# Teaching 'heeling' like it's a TRICK! (puppy's too)



## MaggieRoseLee (Aug 17, 2001)

So I was just reading up on Teaching a trick is the least important part of teaching a trick about tricks and happened to click on one of her videos listed within the article about teaching a puppy to heel with the clicker.





 
And the reason I suddenly care about 'obedience' is cause I was stupid enough to make a bet with a friend that if SHE titled in agility I'd do the same in obedience. And now she's already got a qualifying leg so I'm under PRESSURE!

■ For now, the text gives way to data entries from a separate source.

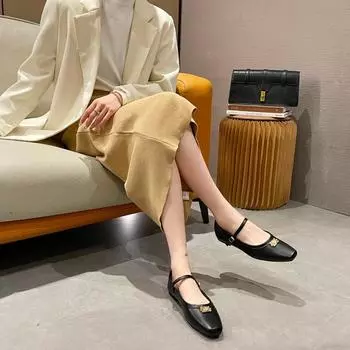 Мода 2024 года, новые весенние и осенние модные женские черные туфли Мэри Джейн с квадратным носком, женские однотонные повседневные лоферы с металлической пряжкой 35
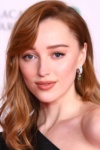 Slika glumca Phoebe Dynevor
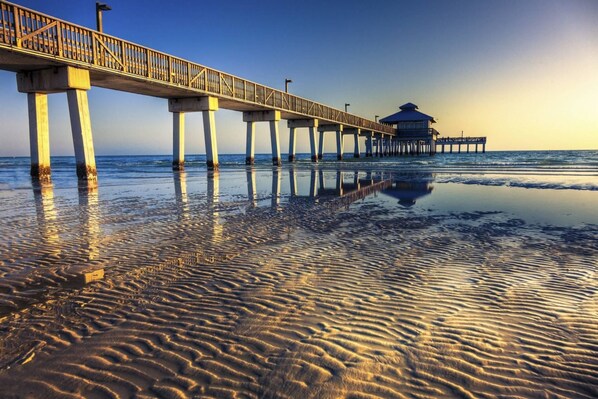 House, 1 King Bed (Beach & Tennis 4408) | Beach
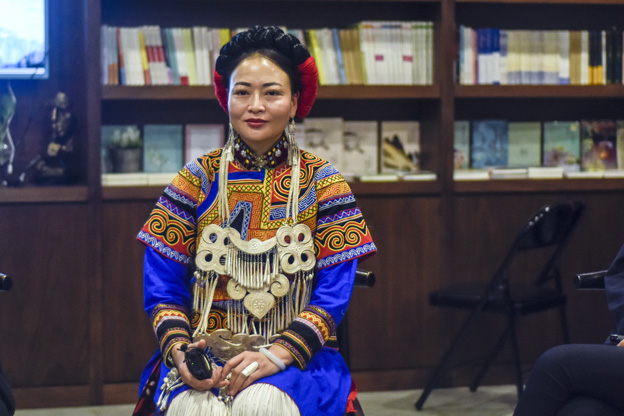 阿牛阿呷：對彝族姑娘來說，胎教就是彝族的刺繡文化，但是當(dāng)我們走出來，我們覺得我們對其他支系的服飾知識了解太少了，需要學(xué)習(xí)的很多，所以開辦了這個專業(yè)。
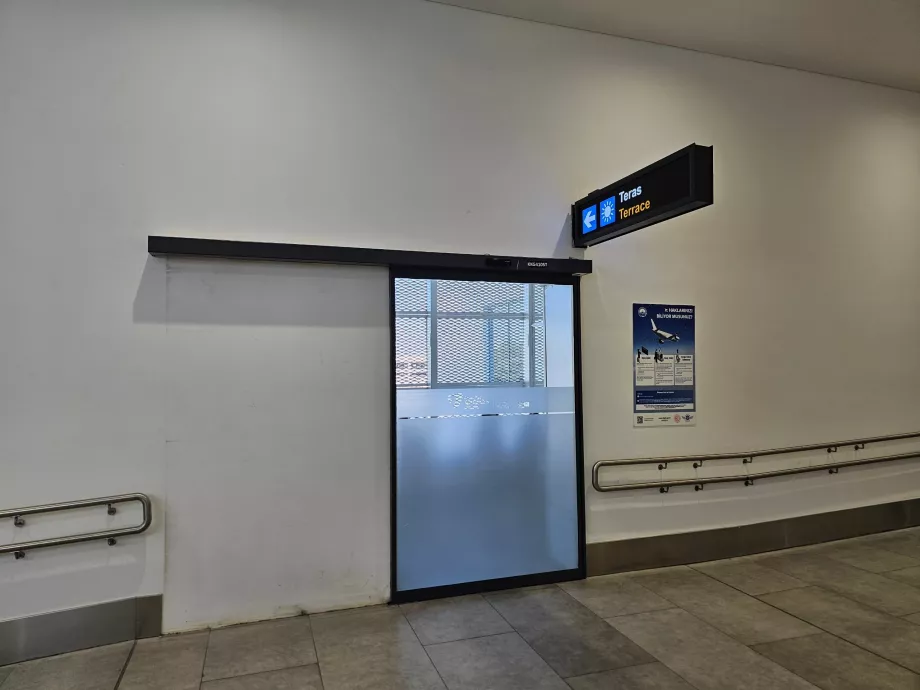 Røyketerrasse etter sikkerhetskontroll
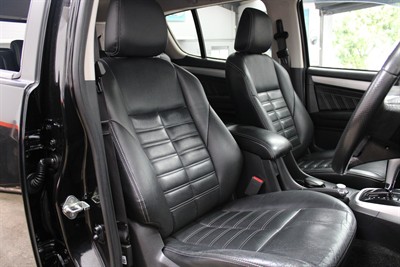 2017 Isuzu Mu-X - Thumbnail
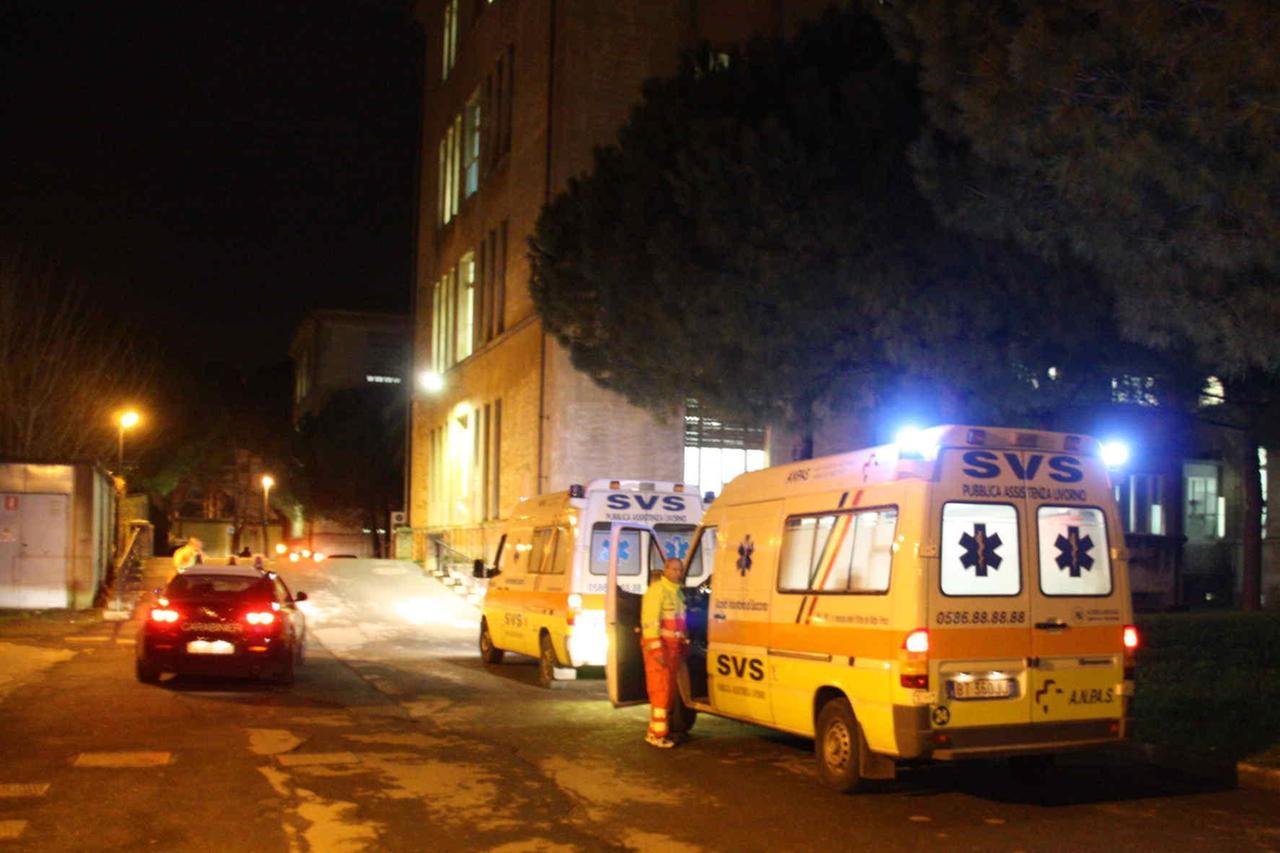 
	Una pattuglia dei carabinieri al pronto soccorso di Livorno (foto d'archivio)

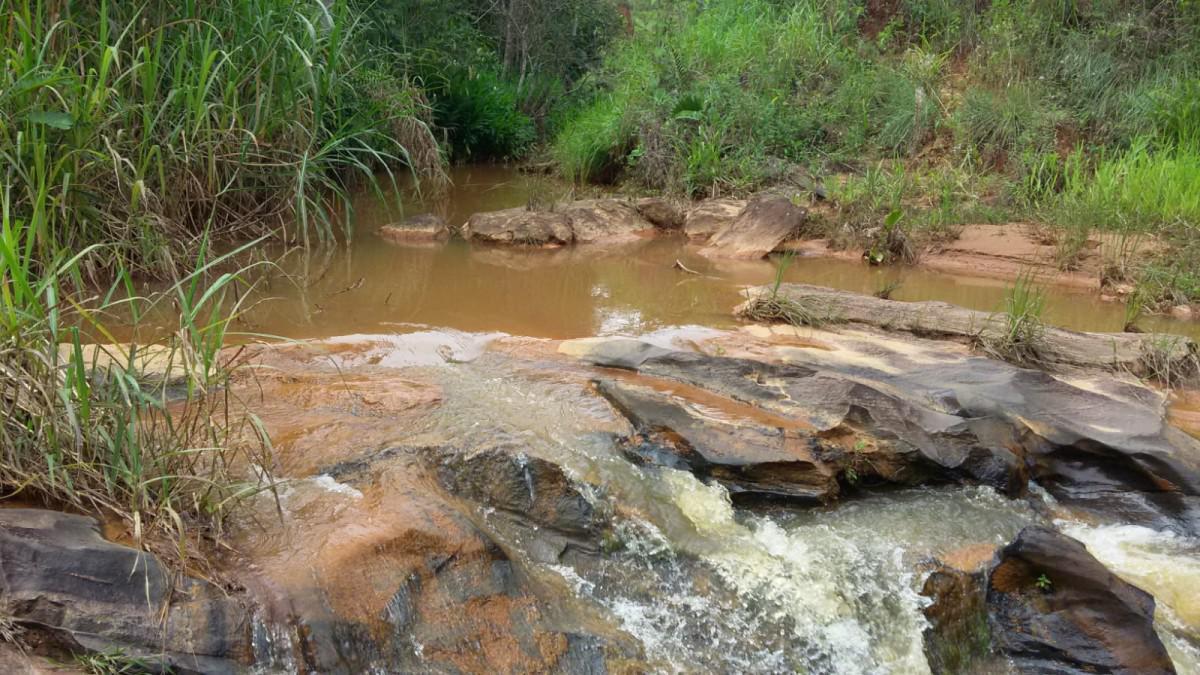 Fazenda, Bicuíba, 4 Quartos, 10 Vagas, 2 Suítes
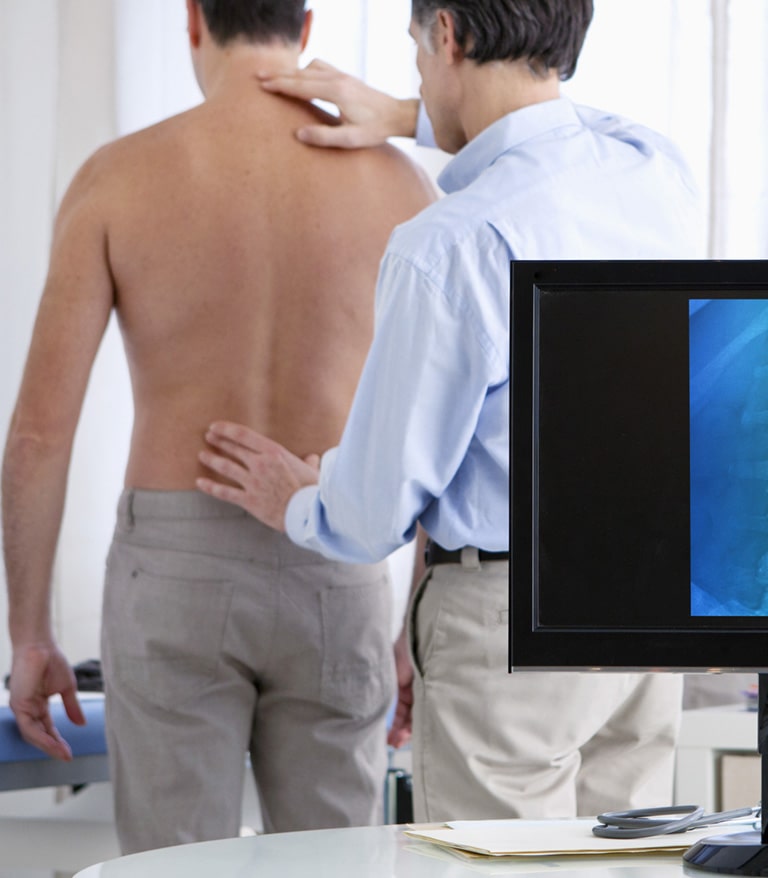 diagnosi-2 medico che esamina la schiena del paziente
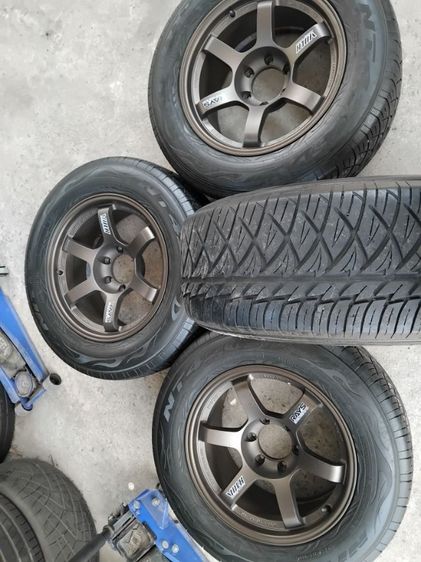 แม็ก te37 กว้าง 9 ออฟ 0 สีน้ำตาลเข้ม พร้อมยาง Nitto ปลายปี 20 รูปที่ 5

I'm off to try it later today with Bretta (maybe Glory too).


----------



## Cassidy's Mom (Mar 30, 2003)

I've seen that video before and I think perch training is a brilliant way to teach heel! I keep meaning to buy something to use as a perch, overturned feed buckets are what many people use, but there are no feed stores near me. I've done a little bit of perch training with Halo, but what I was using was not big enough to start with and it's hard to keep her on it while moving around.


----------



## MaggieRoseLee (Aug 17, 2001)

Ok, so I will say doing this with an adult LONG GSD puts me a bit further from the perch!


----------



## Sammy79 (Mar 6, 2011)

I just tried doing this with my 4 month old. He will not stay put on the bucket lol.


----------



## MaggieRoseLee (Aug 17, 2001)

The video is much faster than real time. Kind of goes thru fast so we don't lose our minds.

So I know I had to break it down. Pup may just click/reward for LOOKING at the bucket, then going nearer click/treat, then touching it with their nose, click treat.

Slow slow slow, but if you do some every day the pup will get it. The start of these show how to start with the perch...


----------



## onyx'girl (May 18, 2007)

My local Marshall store has the same Clean Run: FitPAWS Balance Disc?14 in. as this in a 12" for $9.99. It isn't for dogs, but people, the exact same thing, though, and a 12" will have the dog balancing just as easy as a 14.

I paid $25 plus shipping for my 14" disc...wish I'd seen it at Marshalls first.


----------



## BlackPuppy (Mar 29, 2007)

I tried perch training using a book (as a perch). I could not get any of my dogs to even touch the book. They would hop and jump around it. So, I gave it up.


----------



## FG167 (Sep 22, 2010)

This is how I trained Madix, and how I am training Eden and Kastle. I love this method!


----------



## DJEtzel (Feb 11, 2010)

This is how I taught Frag his heel also, I love it! I used a lot of Kikopup's videos on youtube as a guide though.


----------



## wildo (Jul 27, 2006)

Cassidy's Mom said:


> I've seen that video before and I think perch training is a brilliant way to teach heel! I keep meaning to buy something to use as a perch, overturned feed buckets are what many people use, but there are no feed stores near me. I've done a little bit of perch training with Halo, but what I was using was not big enough to start with and it's hard to keep her on it while moving around.


Just last night I bought one of these yoga cork blocks to use for perching. It is pretty heavy considering it's size, and basically nonslip considering its material. I think it will make a great perch block:








Amazon.com: Natural Fitness Cork Yoga Block (3-1/2-Inch x 5.1/2-Inch x 9-Inch): Sports & Outdoors


----------